About tensor core's flops/clk and wmma shape?

I read this blog: Programming Tensor Cores in CUDA 9 | NVIDIA Technical Blog

Each Tensor Core performs 64 floating point FMA mixed-precision operations per clock.
The FP16 multiply results in a full-precision result that is accumulated in FP32 operations with the other products in a given dot product for a 4x4x4 matrix multiply

Q1: Is it same for every generation of Tensor core to perform 64 FFMA/clck, if not, is there any link to let me get the detailed information about FFMAs per clock for each TC and its shape?

During program execution, multiple Tensor Cores are used concurrently by a full warp of execution. The threads within a warp provide a larger 16x16x16 matrix operation to be processed by the Tensor Cores.

Q2: From programmer view, wmma provide 16x16x16 matrix operation, is that same for all CUDA versions?

No its not the same. This post covers some related calculations and links.
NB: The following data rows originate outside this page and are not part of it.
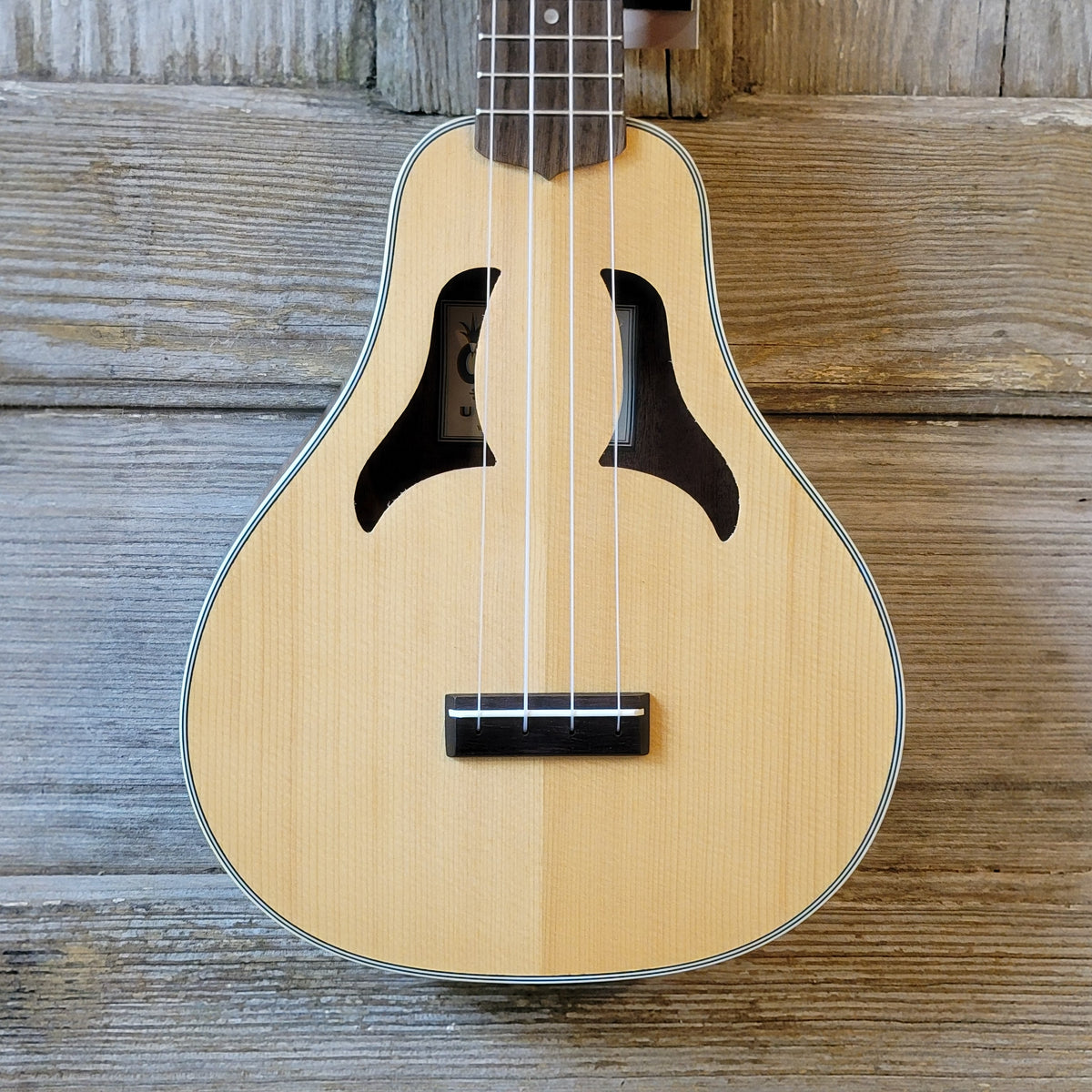 Ohana Soprano Vita VK-70 Solid Spruce Top/ Laminate Mahogany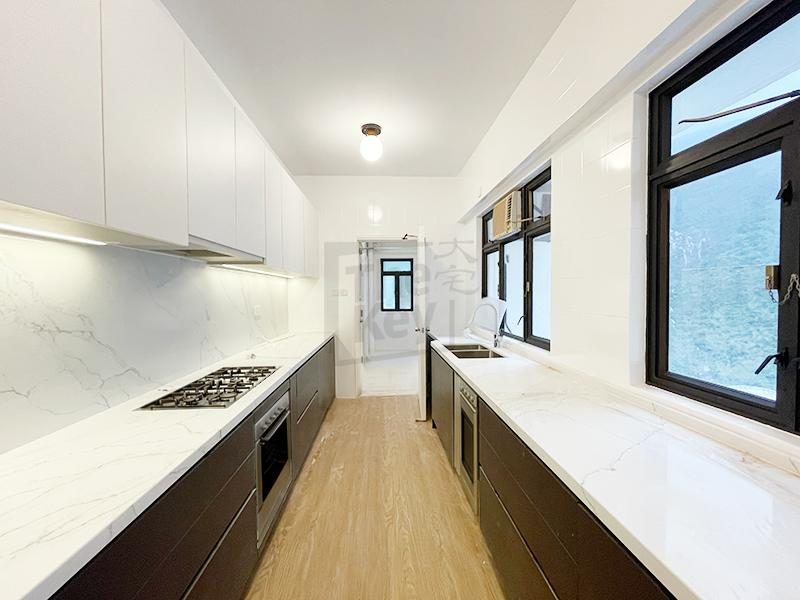 photo 11 — Repulse Bay Apartments, Repulse Bay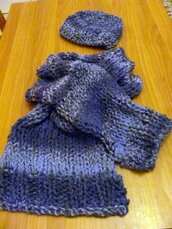 Sciarpa e Cappello di lana blu notte fatto a mano a maglia realizzato in Italia
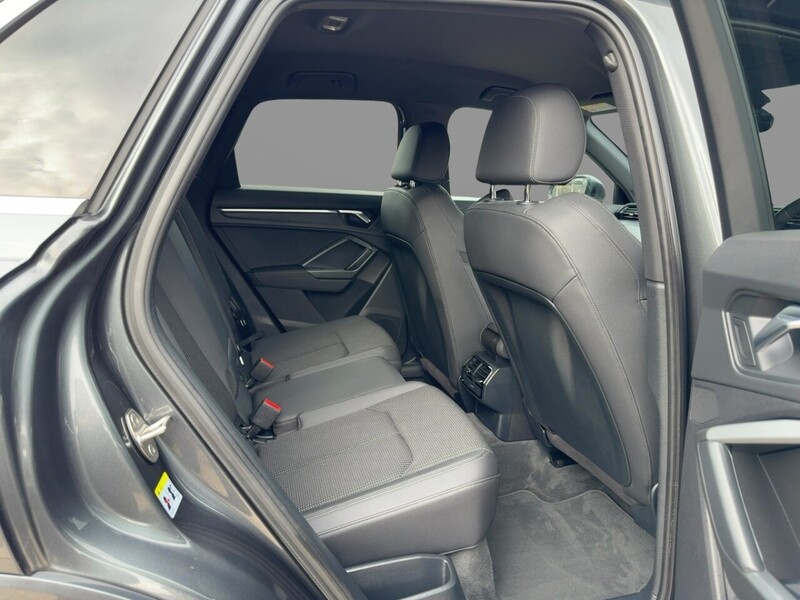 Audi 2.0 TFSI 40 S line SUV 5dr Petrol S Tronic quattro Euro 6 (s/s) (190 ps) 72-74 Mitcham Road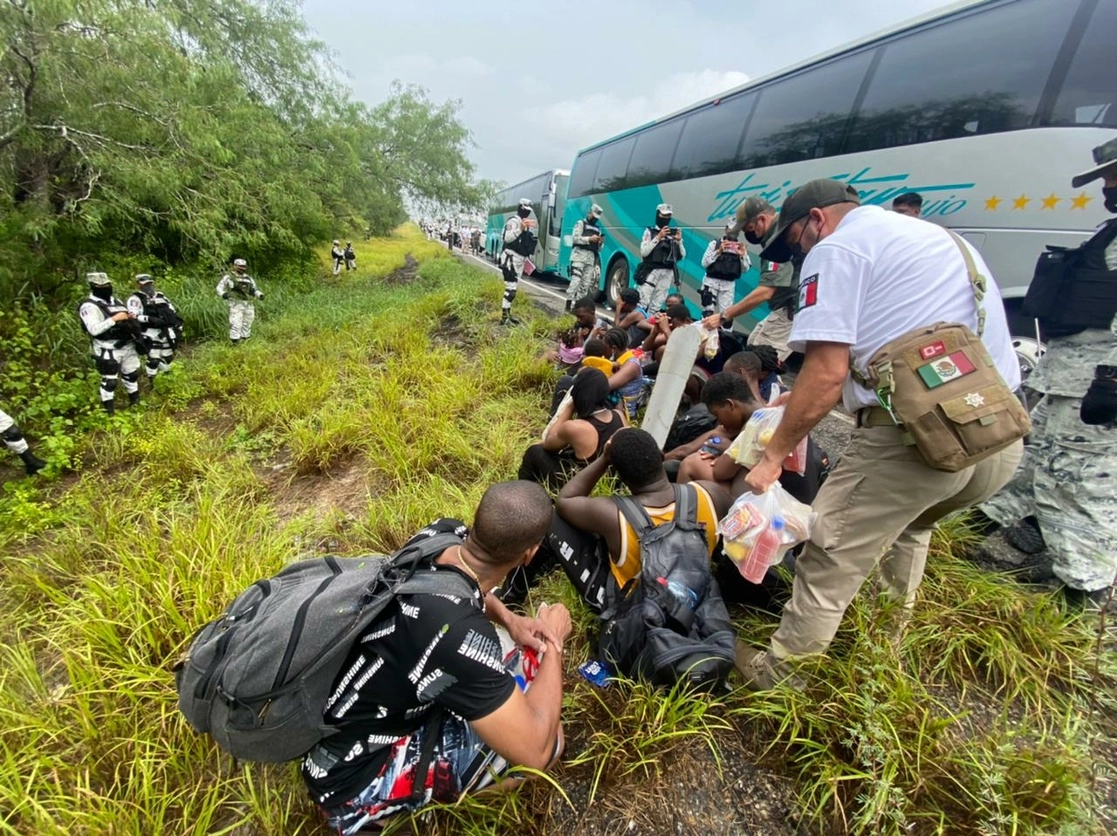 Al contingente de migrantes se les permitió el paso debido a que en él había mujeres embarazadas y niños que tratan de cruzar la frontera hacia Estados Unidos, el 17 de septiembre de 2021. Foto Julia Le Duc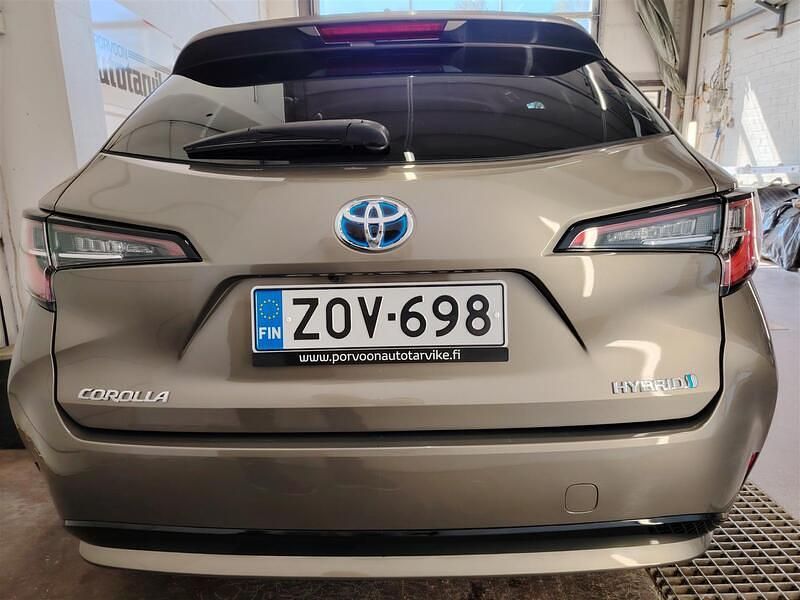 Käytetty Toyota Corolla Edition 122 HP (89 kW) 2023 Ruskea Farmari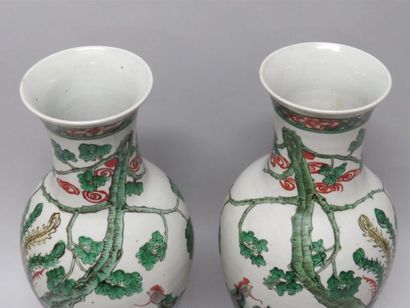 null Paire de vases balustres en porcelaine dans le goût de la famille verte à décor...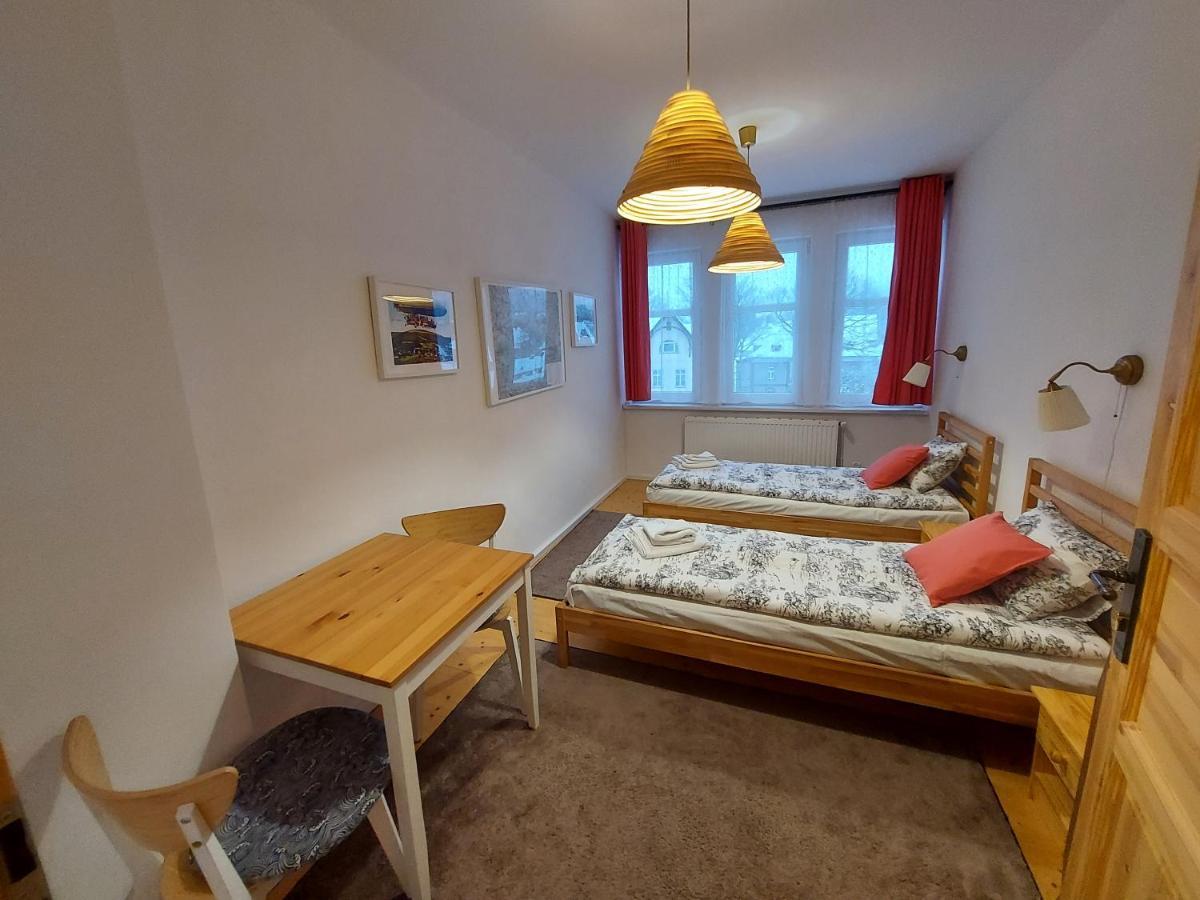 Apartament Roland Świeradów-Zdrój Exteriör bild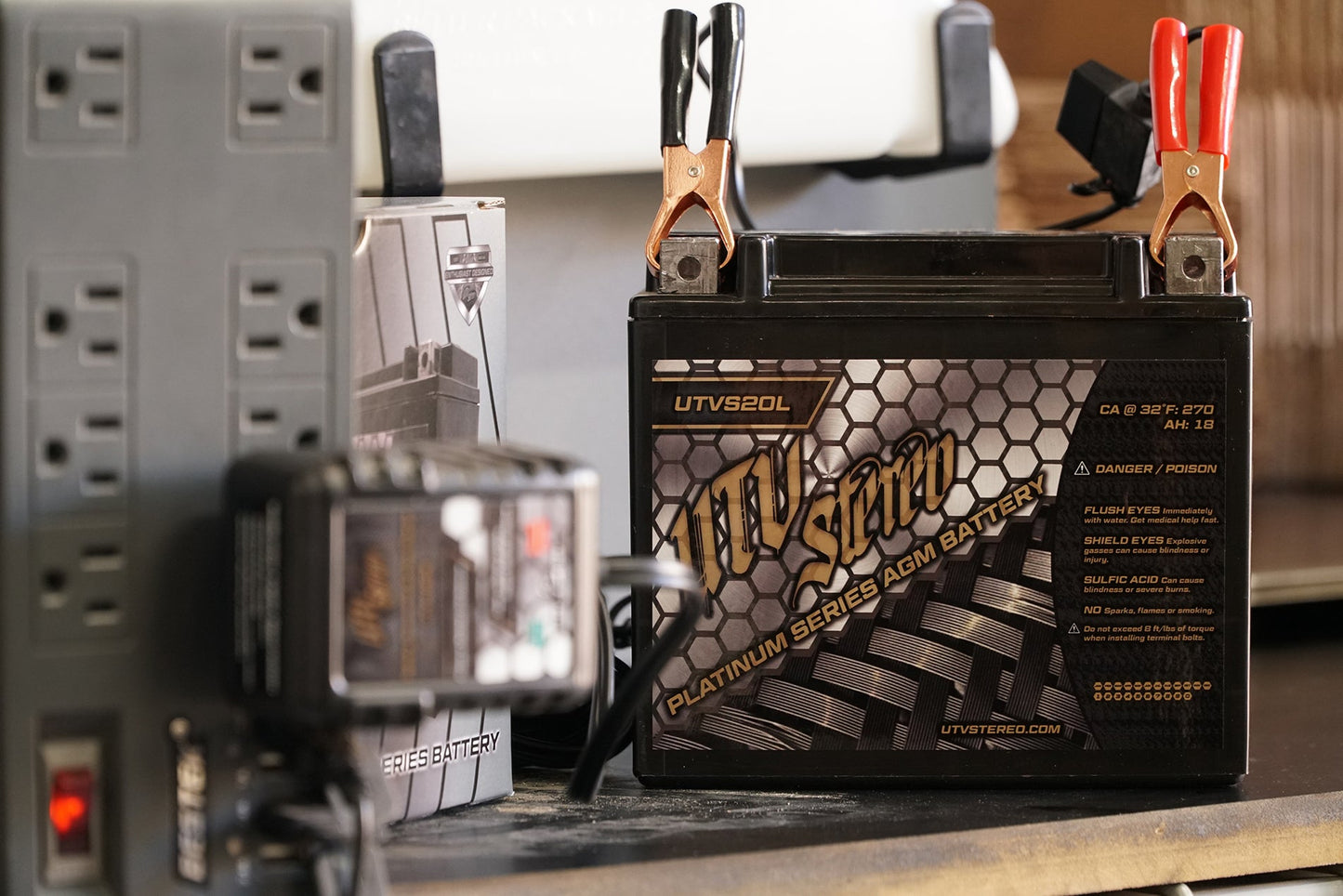 UTV Stereo 12 Volt Automatic Battery Charger / Maintainer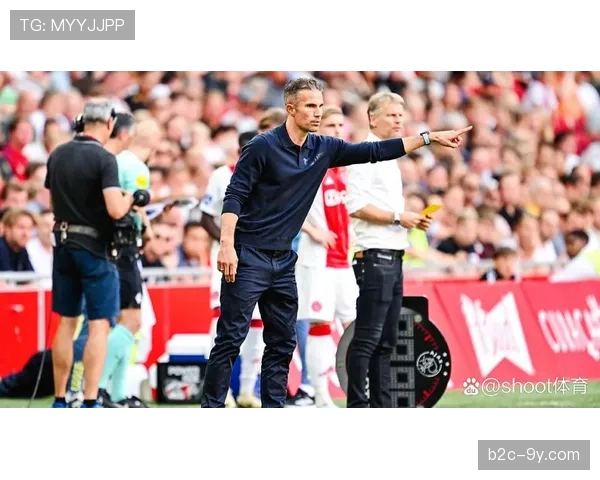 官方:荷兰传奇前锋范佩西将出任荷甲海牙俱乐部主教练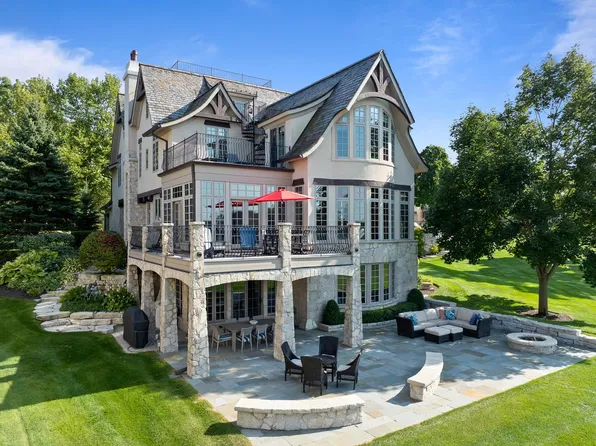 N1561 East Lakeside LANE, Lake Geneva, WI 53147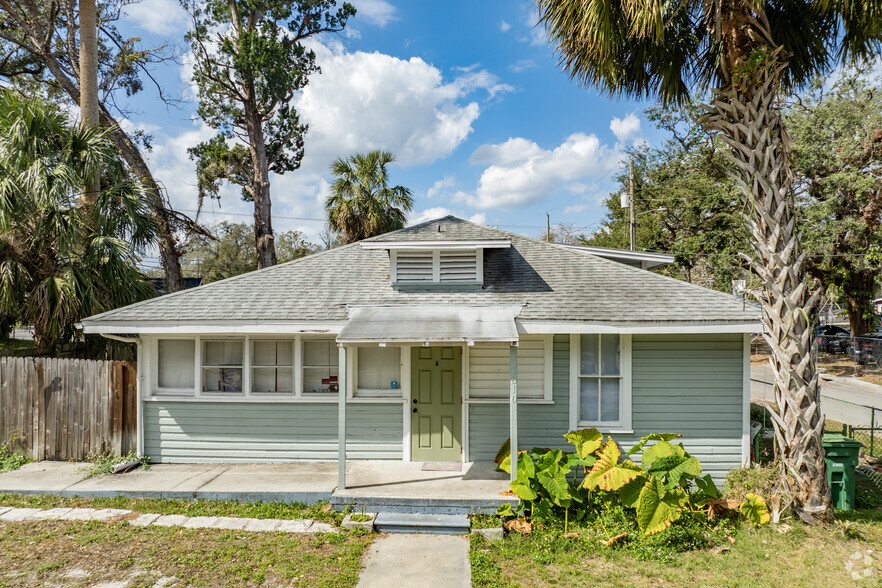 7810 N Van Dyke Plz, Tampa, FL for sale - Building Photo - Image 2 of 5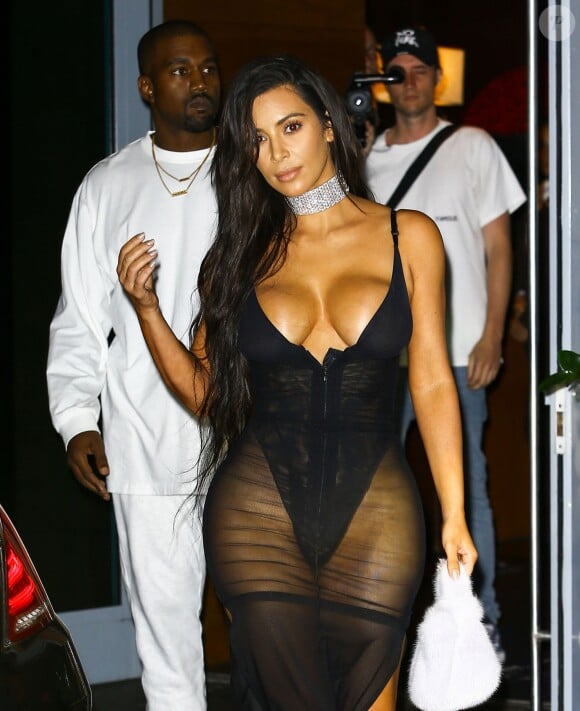 Kim Kardashian (dans une tenue très sexy) et Kanye West sortent de leur hôtel à Miami Le 17 septembre 2016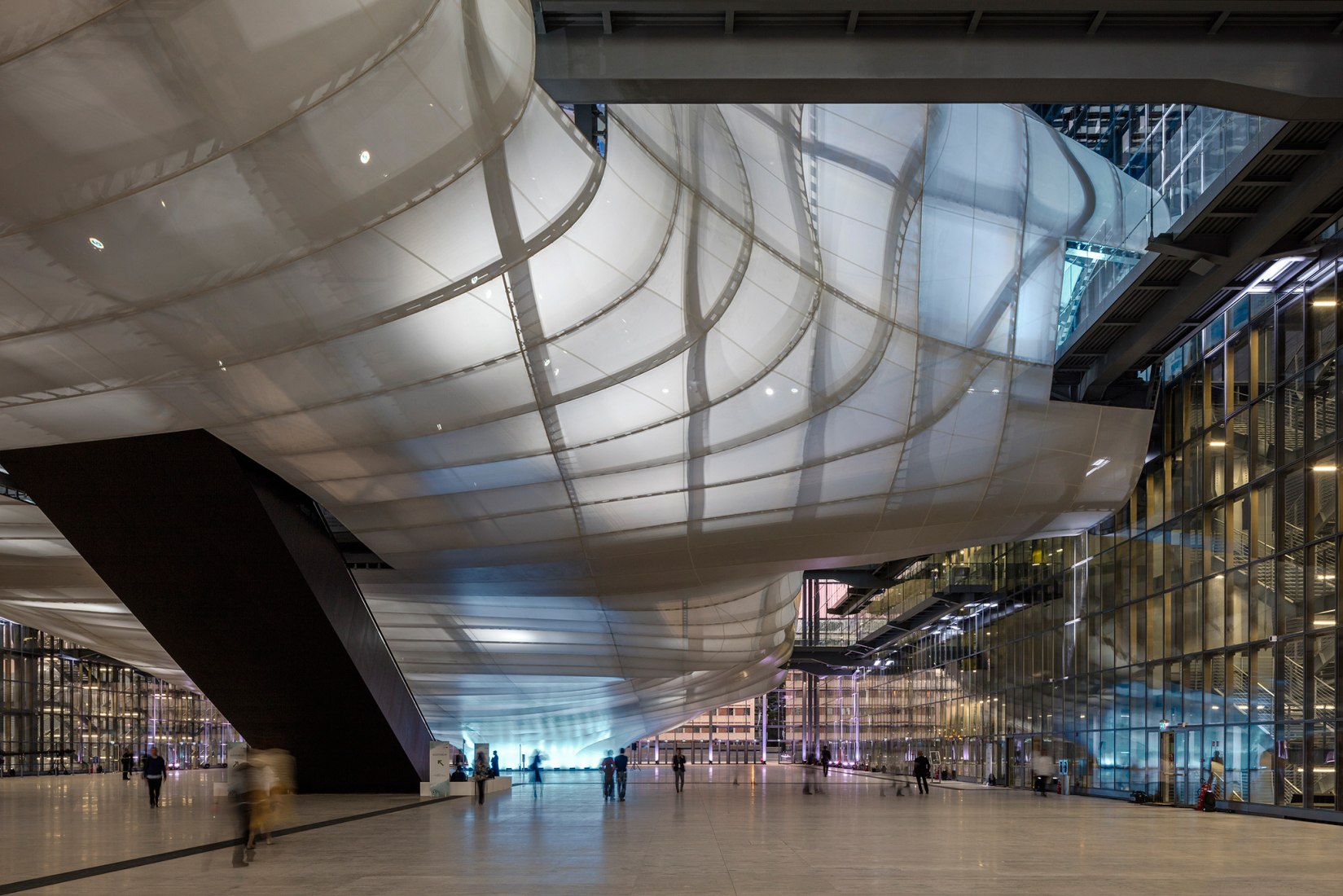 New Rome /EUR Convention Centre and Hotel ‘the Cloud’ by Studio Fuksas. Photograph © Leonardo Finotti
I don’t have any comments about the relationship between throughput and shape, but if I were guessing, I would assume it would be the (inverse) ratio of the flops per op, times the base throughput (TC flops/clk)

If it were me, I wouldn’t tie this to “CUDA versions” which to me means things like CUDA 10.x, CUDA 11.x, etc. i.e. software versions. I don’t know of any connection between shape support and CUDA software version per-se (although there is an obvious connection, because supporting newer GPU architectures requires newer minimum CUDA versions.)

The connection is to GPU architecture primarily, AFAIK. So newer architectural generations may offer additional shapes, compared to older architectural generations. To get a sense of this, you could take one of the matrix-multiply instructions at the PTX level, and see what shapes were “introduced” based on architectural generation. For example the mma instruction, scroll down to to the “Target ISA Notes”. We can see in general such instructions required cc7.0 minimum. For that particular instruction, it appears that the only shape offered for cc7.0 was 8x8x4. For that instruction, cc7.5 (Turing) added a 16x8x8 shape/option for f16 work, to pick one example.